EXERCISE DIRECTIONS: Set down each line from the line holding "Makeup Vanity Mirror with Lights" to the last line of the entries below, exactly, with both ends included and without pictures.

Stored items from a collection
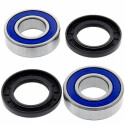 Kit cuscinetti ruota All Balls 251276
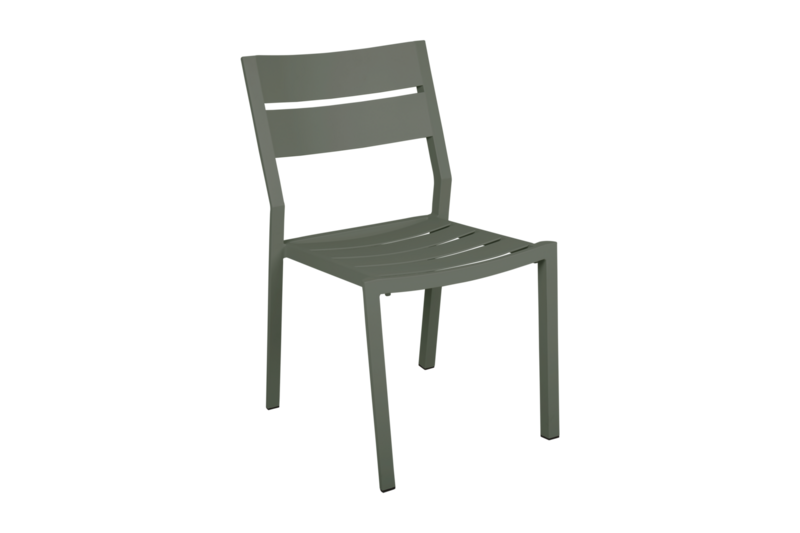 Delia Diningstuhl Dusty Green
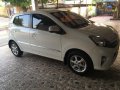 2017 Toyota Wigo for sale-0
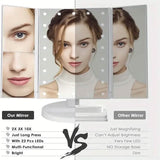 Makeup Vanity Mirror with Lights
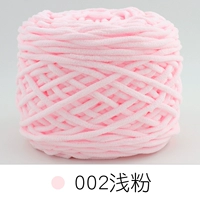 002 светло -розовый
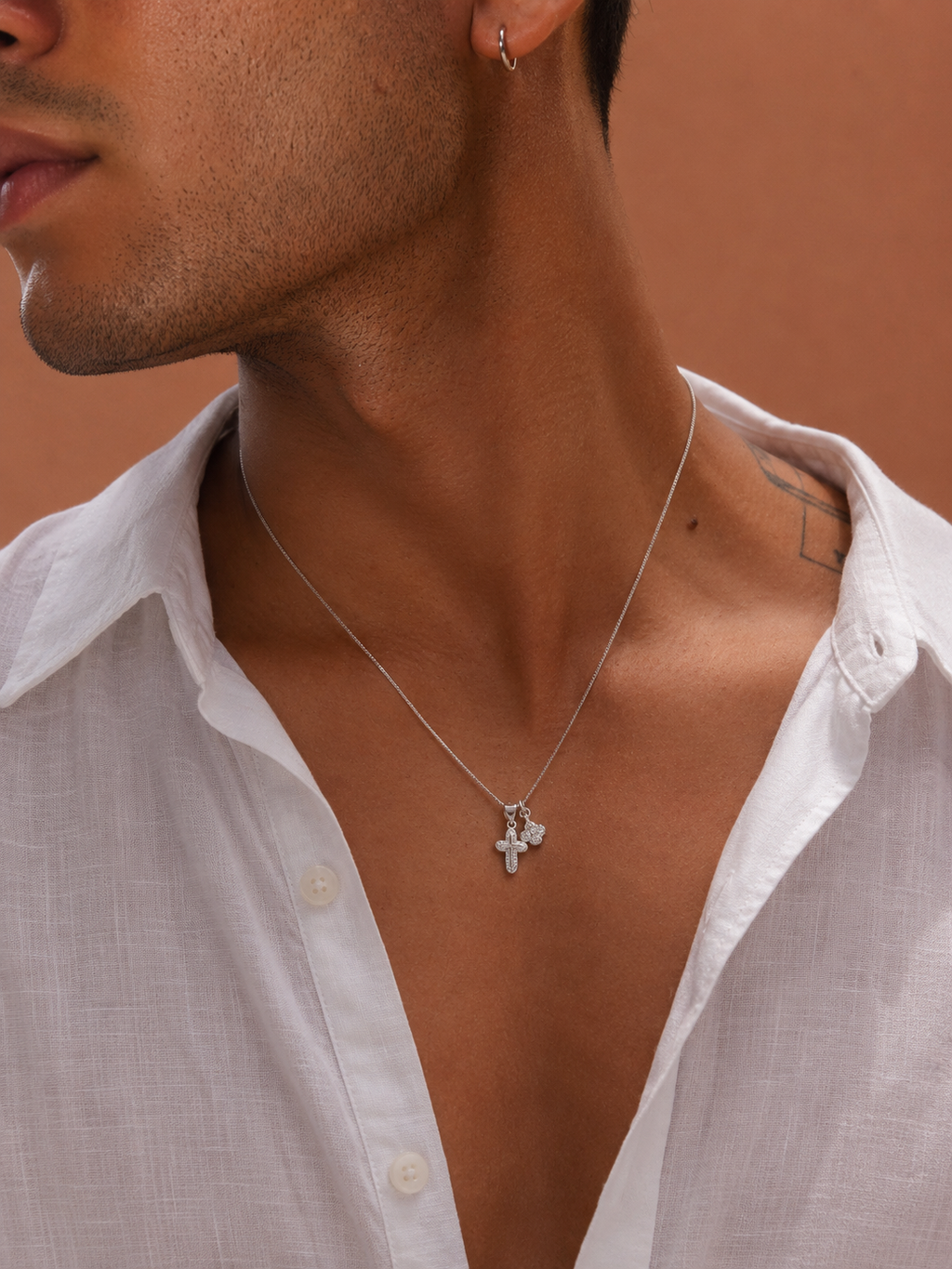 Cadena Pater Cleef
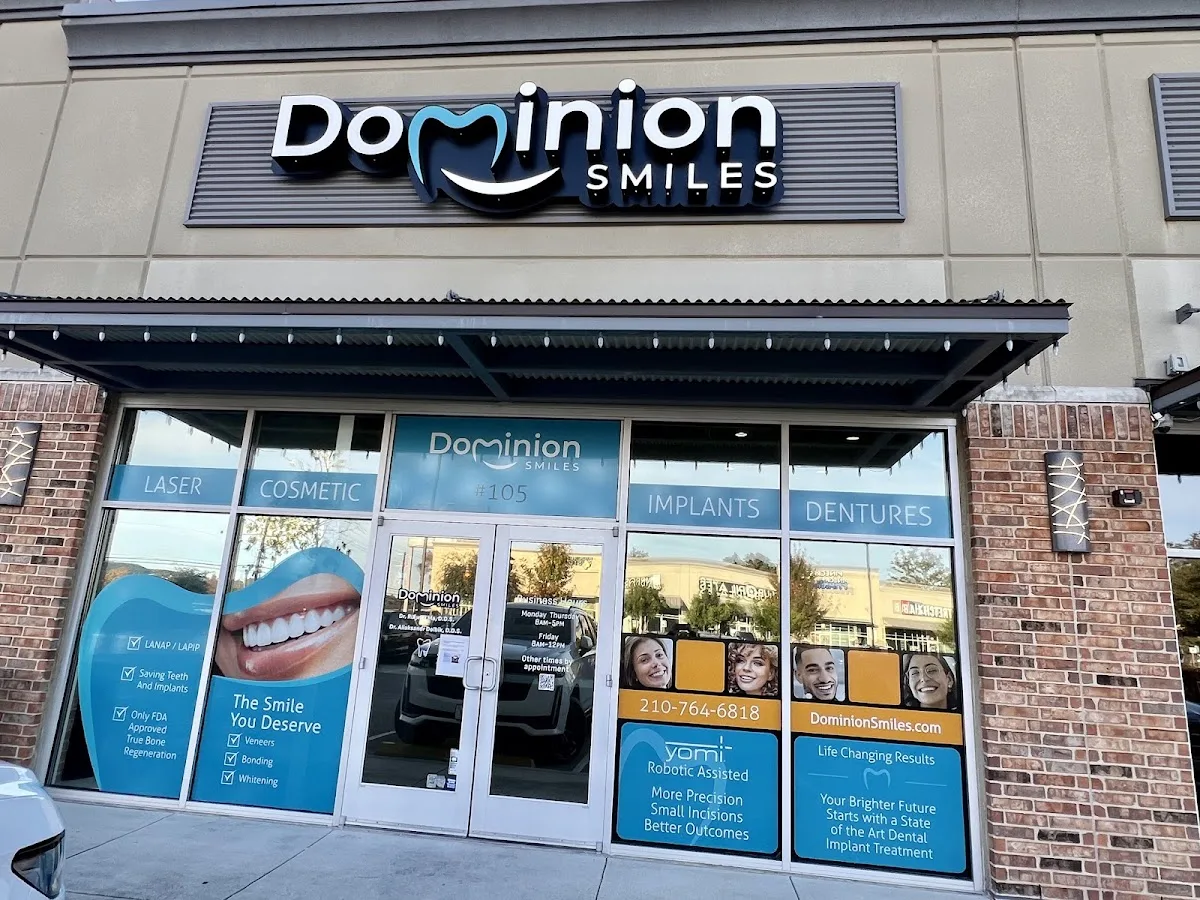 Dominion Dental Spa — photo 5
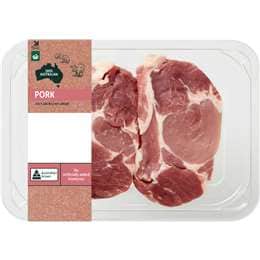 Woolworths 300g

RESPONSE AREA:
 Makeup Vanity Mirror with Lights
 002 светло -розовый
 Cadena Pater Cleef
 Dominion Dental Spa — photo 5
 Woolworths 300g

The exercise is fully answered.